## About this exercise
For the entries that follow, retype exactly the lines from the one containing "513 Three Feathers Ct — Photo 16" to the one containing "ties LED lemputėmis", inclusive, and only those. Images stay out of the copy.

## Study material
---------------

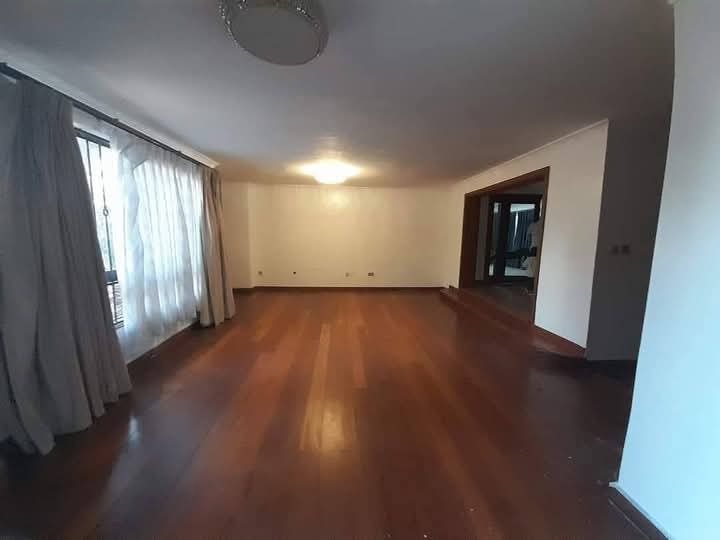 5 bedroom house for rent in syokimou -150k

---------------

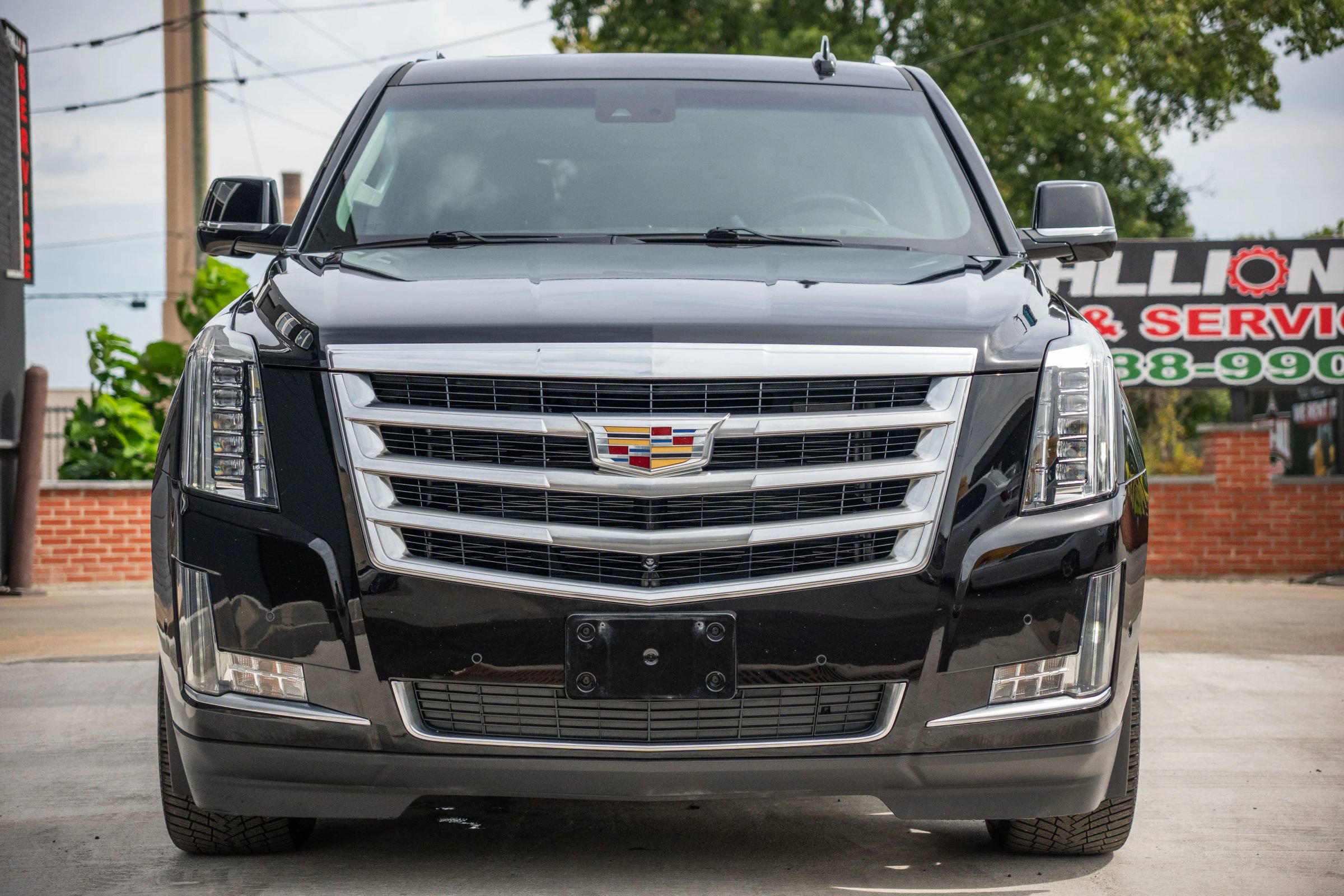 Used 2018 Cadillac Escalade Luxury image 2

---------------

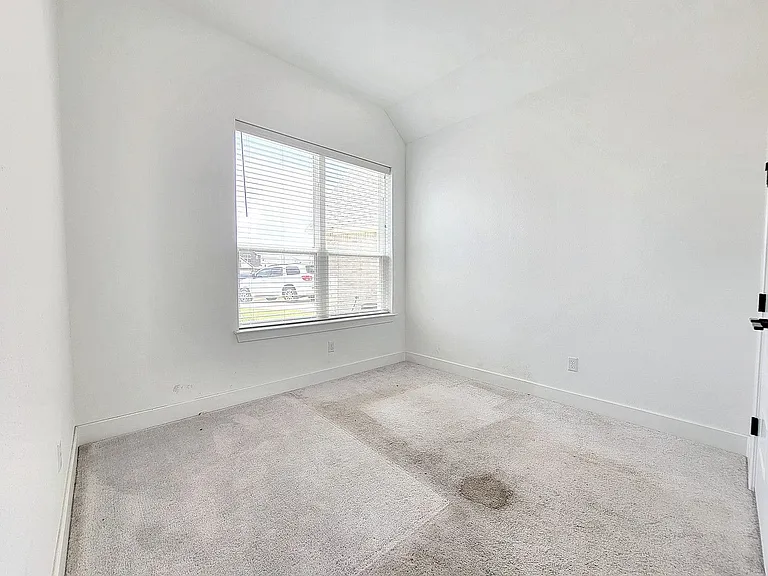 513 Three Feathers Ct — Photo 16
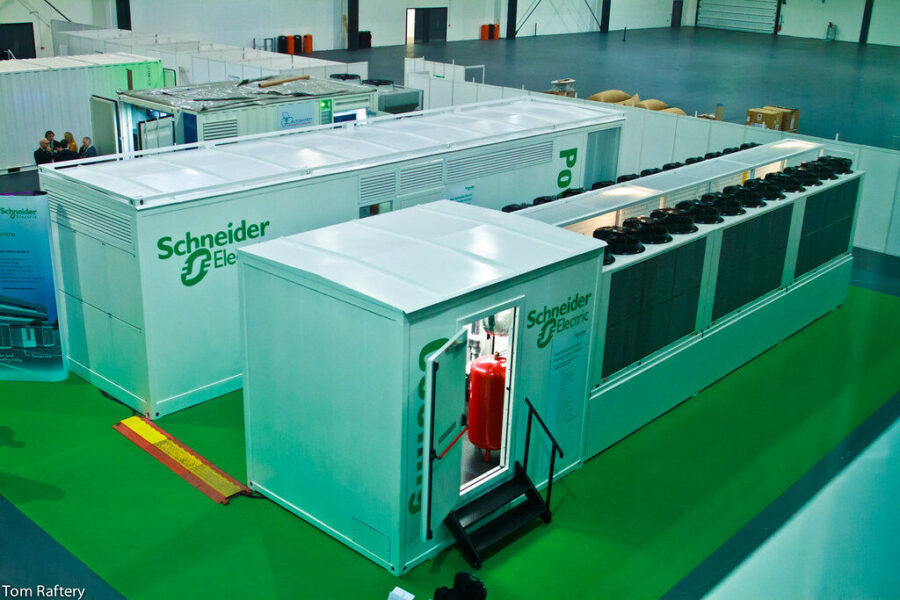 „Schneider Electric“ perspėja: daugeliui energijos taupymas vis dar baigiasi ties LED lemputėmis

---------------

## Task output
 513 Three Feathers Ct — Photo 16
 „Schneider Electric“ perspėja: daugeliui energijos taupymas vis dar baigiasi ties LED lemputėmis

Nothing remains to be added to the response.